By default, your team Web site comes with a built-in document library named Shared Documents, which is listed on the Quick Launch bar as well as on the Documents and Lists page.

About this tutorial

This tutorial teaches you how to use some of the most basic features of working with SharePoint document libraries.

Goals

After completing this tutorial, you will know how to:

  • Create a document library
  • Create folders and navigate between them
  • Add files to a document library
  • Check out, edit, and check in files.
  • Set properties of files
  • Delete documents and folders

Links to information on using more advanced features document libraries like Web discussions and content approval appear at the end of this tutorial.

Suppose you're the owner of a new site at Contoso corporation and want to share some files that were created in Microsoft Office Excel, PowerPoint, and Word. The files are being prepared for an upcoming customer visit with Trey Research. You want to create some presentations, documents, and spreadsheets with supporting data.

Before you begin

To complete this tutorial, you'll need a Windows SharePoint Services site and an empty document library. It is best to try out these tutorials on a site that is not being used by a team. Your system administrator can create one for you or you can create a site beneath your team's current site as described in the next section. If you don't have a server running Windows SharePoint Services available and have Internet access, you can sign up for a hosted Windows SharePoint Services trial.

Create a practice site

 Note   You can create a subsite under the current site if you are a member of the Administrator site group or a member of a site group that has the Create Subsite right. If you are not a member of the Administrator site group, ask the site administrator to create a subsite for you. Make sure you are a member of the Web Designer or Administrator site group in the new subsite.

  1. On the top link bar, click Create.
  2. At the bottom of the page in the Web Pages section, click Sites and Workspaces.
  3. In the Title and Description section, type a name, such as Document Library Tutorial, and a description for the new site.

For example, you can type Working with Document Libraries Practice Site for the description of this site.

  1. In the Web Site Address section, type the Web address (URL).

The first part of the address is provided for you. For the second part, type document-library-tutorial.

  1. In the Permissions section, click Use same permissions as parent site.
  2. Click Create.
  3. On the Template Selection page, click Team Site, and then click OK.

After the site is created, it appears in your browser.

Downloading sample documents

To complete this tutorial, you'll need to go to the Download Center to download a set of practice documents. Follow the instructions on the download page to save the files to your computer.

 Note   If you have a set of documents that you'd rather work with, you can use those instead. The practice documents are provided as a convenience.

After you have a site and documents to practice with, you'll need to create a document library as described in the next section.

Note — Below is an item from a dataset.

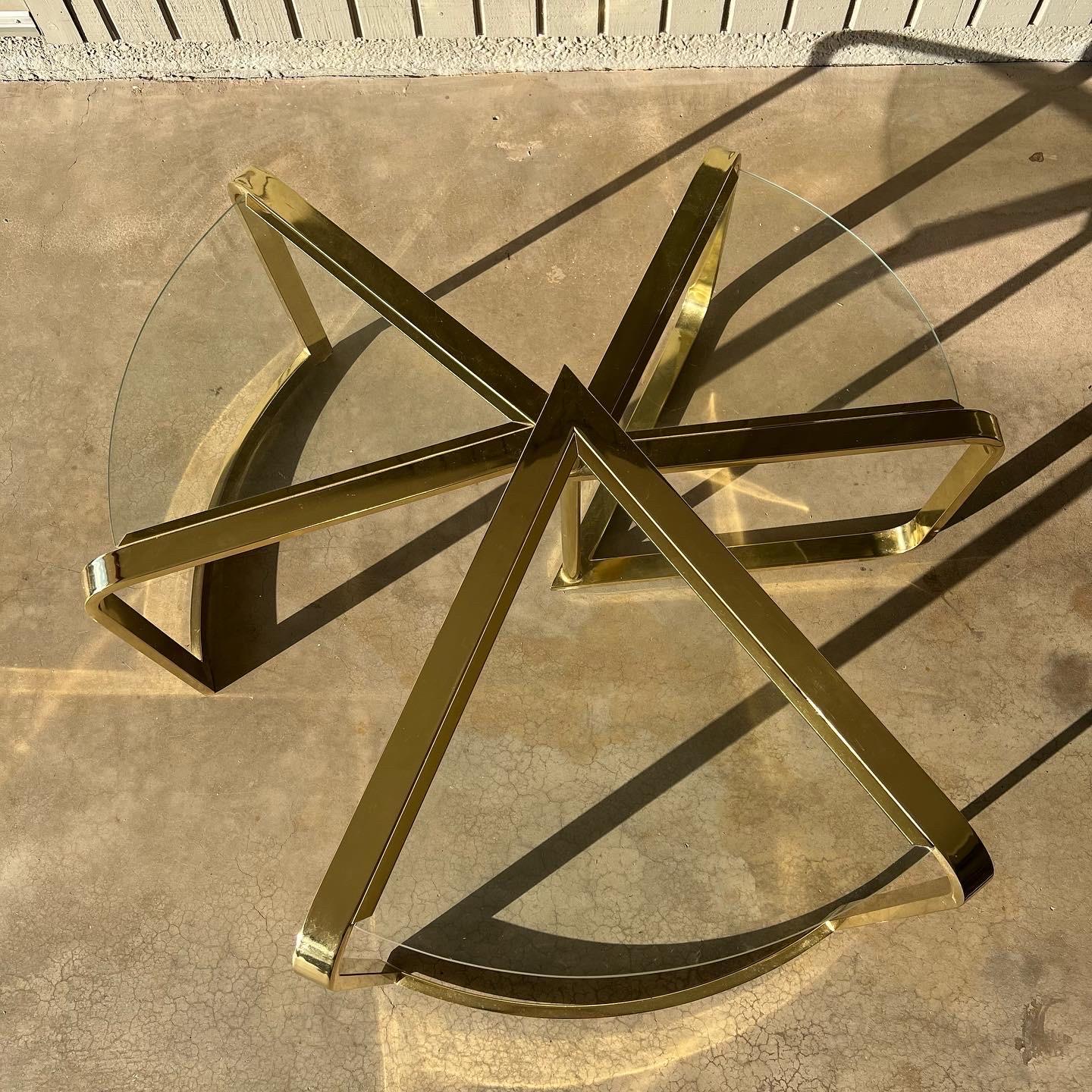 “Fan Nesting Table” by DIA (Design Institute America), labeled, 1986. Brass and glass three-tiered nesting swivel cocktail, side or coffee table designed by Rick Berry. Perfect for any post modern, mid century modern or Hollywood Regency style. This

Make sure you are a member of the Administrator or Web Designer site groups or a site group with the Add and Customize Pages right on the new site.

Creating and configuring a document library

Now that you have a site and some documents to work with, you're ready to create your document library and set up some folders.

Create a document library

  1. On the top link bar, click Create.
  2. On the Create Page page, click Document Library.
  3. In the Name box, type Trey Research Visit.

New List page

  1. In the Description box, type Supporting files for upcoming customer meeting with Trey Research.
  2. In the Navigation section, click Yes to put a link to this document library on the Quick Launch bar on the home page.

Quick Launch bar

In a site with only a few lists and libraries, it's a good idea to choose Yes here. Having a link to a document library on the Quick Launch bar makes it easier for site users to find it. But in sites with many lists and libraries, you'll want to include only the most commonly used lists and libraries or the Quick Launch bar will get too long.

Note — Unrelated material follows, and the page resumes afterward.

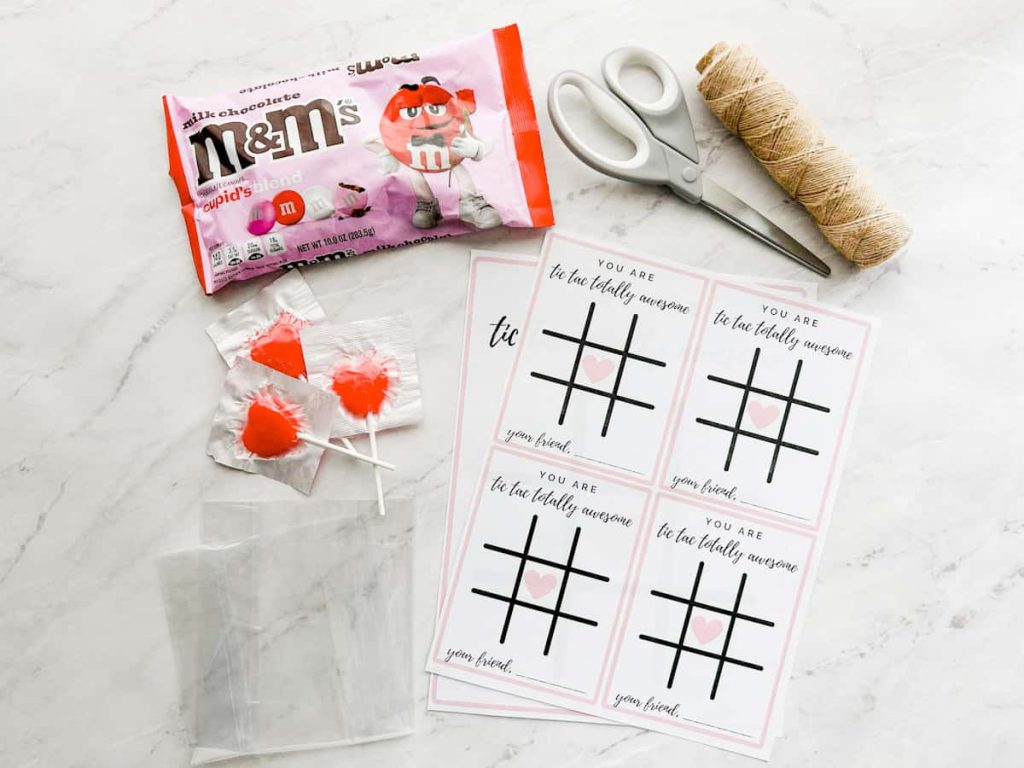 tic tac toe valentines card materials including printable, twine, scissors, suckers, clear bags and m&ms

  1. In the Document Versions section, click No. For document libraries that will contain files that get developed over time, it is a good idea to turn document versions on. You won't be changing the files in this tutorial, however, so there is no need to save versions.
  2. Click Create.

A page that displays the default view of the new document library appears.

Creating folders

  1. Go to the Trey Research Visit you created earlier (if you're not already there): On the top link bar, click Documents and Lists. On the Documents and Lists page, click Trey Research Visit Tasks.
  2. In the Trey Research Visit document library, click New Folder.
  3. On the New Folder page, in the Name box, type Presentations.
  4. Click Save and Close.
  5. Repeat these steps and create two more folders called Spreadsheets and Documents.

Moving between folders

  1. To go into the Presentations folder, click on its name.
  2. To move back up to the top level of the folder, click Up Button image.

Adding a column to a document library

When you add a column to a document library, you add a new type of property that users can set for files in that library. You can require that users enter information for a column, or columns can be optional. By adding columns (properties), you make it easier to sort, filter, and organize files for retrieval.

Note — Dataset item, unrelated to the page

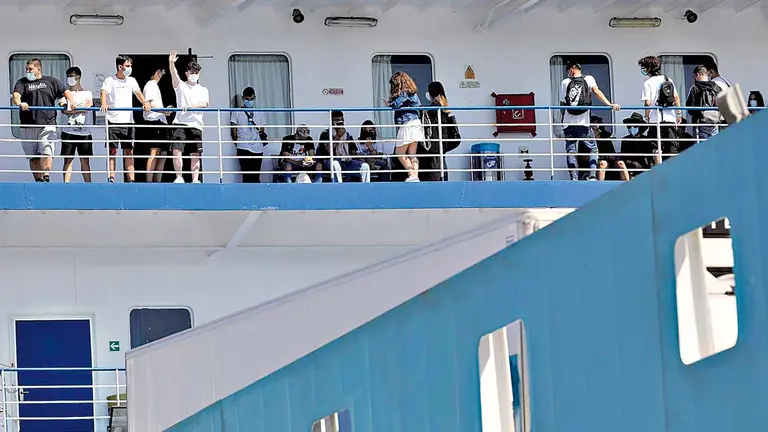 Varias personas saludan desde el ferry en el que viajan 118 estudiantes. EFE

By default all document libraries come with columns that let you edit the name and title of the file. There are also columns that Windows SharePoint Services maintains for information such as the name of the person who last edited the file and the date and time the file was last saved. For the upcoming visit to Trey Research, you will add a column to so that document owners can specify how close their files are to being finished.

  1. Go to the Trey Research Visit you created earlier (if you're not already there): On the top link bar, click Documents and Lists. On the Documents and Lists page, click Trey Research Visit Tasks.
  2. In the Trey Research Visit document library, click Modify settings and columns.
  3. In the Columns section, click Add a new column.
  4. In the Name and Type section, in the Column name box, type Status, and then click Choice (menu to choose from).

Add a Column page

  1. In the Optional Settings for Column section, type Status for each file as the description for the column.
  2. In Require that this column contains information, click Yes.
  3. In the Type each choice on a separate line box, replace the placeholder text with the following entries:

Not Started

Writing

Team Review

Legal Review

Complete

  1. In Display choices using option, click Drop-Down Menu.

In this case, the Radio Buttons option would work as well. The Checkboxes option allows users to choose more than one status.

  1. In the Allow fill-in choices option, click No.

If you know that the number of categories is going to increase over time, it is good to enable this option. However, in this example, you want to control which options for file status appear so that it is easier to track progress.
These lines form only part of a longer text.